Die 54 konventionell behandelten Kinder erhielten präventiv das Antihistaminikum Cetirizin, für die akute Phase zusätzlich ein Kortikoid-Nasenspray mit dem Wirkstoff Fluticason und als zweites Antihistaminikum Azelastin. Bis zu sieben Tage lang durften sie außerdem ein systemisches Kortikoid (Bethametason) einsetzen.

Die 57 homöopathisch behandelten Patienten erhielten präventiv Luffeel®comp-Tabletten und Lymphomyosot®-Tropfen. In der Akutbehandlung wurden weiter die Tabletten angewandt, außerdem Luffeel®-Nasenspray und Euphrasia-Tropfen. Luffeel® wird bei allergischem Schnupfen eingesetzt, Lymphomyosot® zum Beispiel bei Ödemneigung. Zu den Einsatzgebieten von Euphrasia zählen Augenentzündungen.

Die Kinder seien vor Beginn der Symptome und der präventiven Therapie, nach dem Einsetzen von Symptomen, zu Beginn der symptomatischen Therapie und nach drei- und nach sechswöchiger Behandlung untersucht worden, sagte Arrighi.
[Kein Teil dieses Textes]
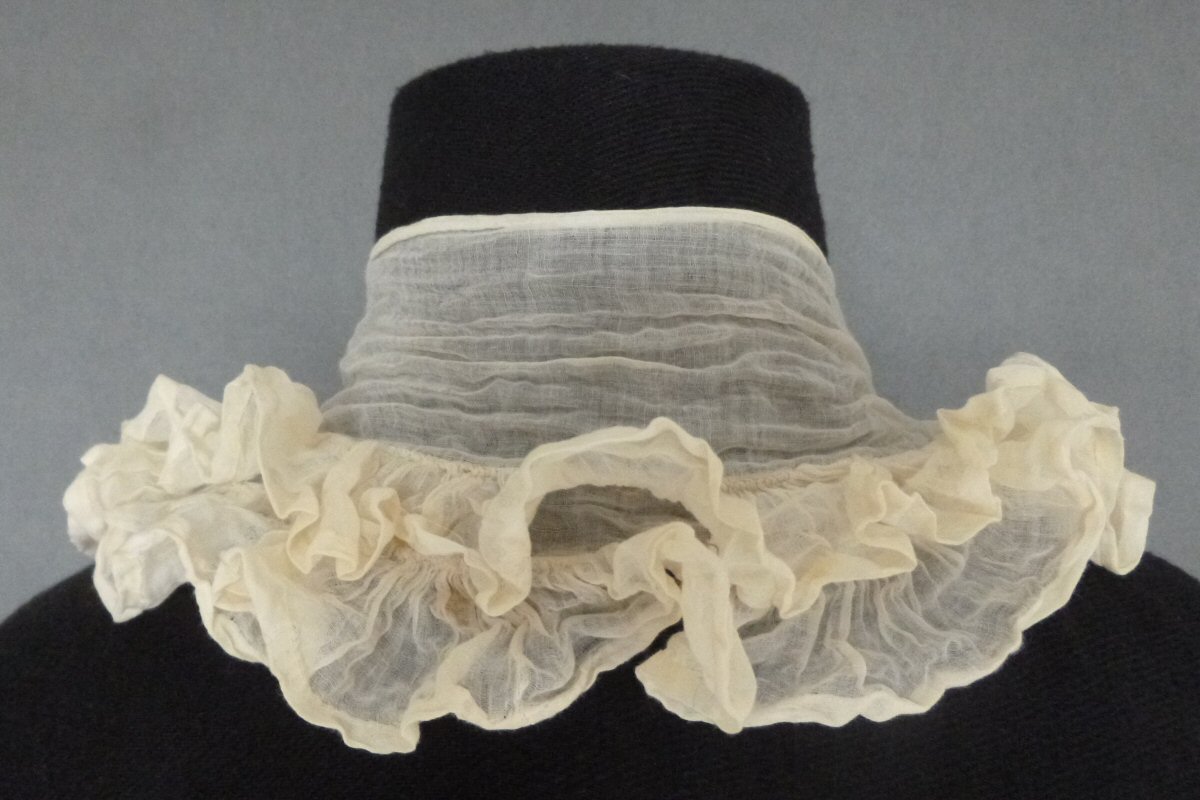 Neck Ruffles c 1800 | English & European Dress | Meg Andrews - Antique ...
Erfaßt wurden Art und Schwere von Symptomen wie Niesattacken, verstärkter Tränenfluß und Jucken der Augen.

Die homöopathische Therapie (HT) war ähnlich effektiv wie die konventionelle, die Symptombelastung unterschied sich in keiner der Untersuchungen. So hatten zu Beginn der Akuttherapie 18 (HT-Gruppe) beziehungsweise 20 Patienten schwere nasale Symptome, nach sechs Wochen keiner mehr. 35 (HT) und 34 Probanden waren zu diesem Zeitpunkt - nasal - wieder komplett symptomfrei.

Vorteil der Homöopathie: Es gab keine unerwünschten Wirkungen. Dagegen klagten bis zu 17 Prozent der konventionell behandelten Kinder über morgendliche Schläfrigkeit, trockene Nase oder verstärkte Augensymptome.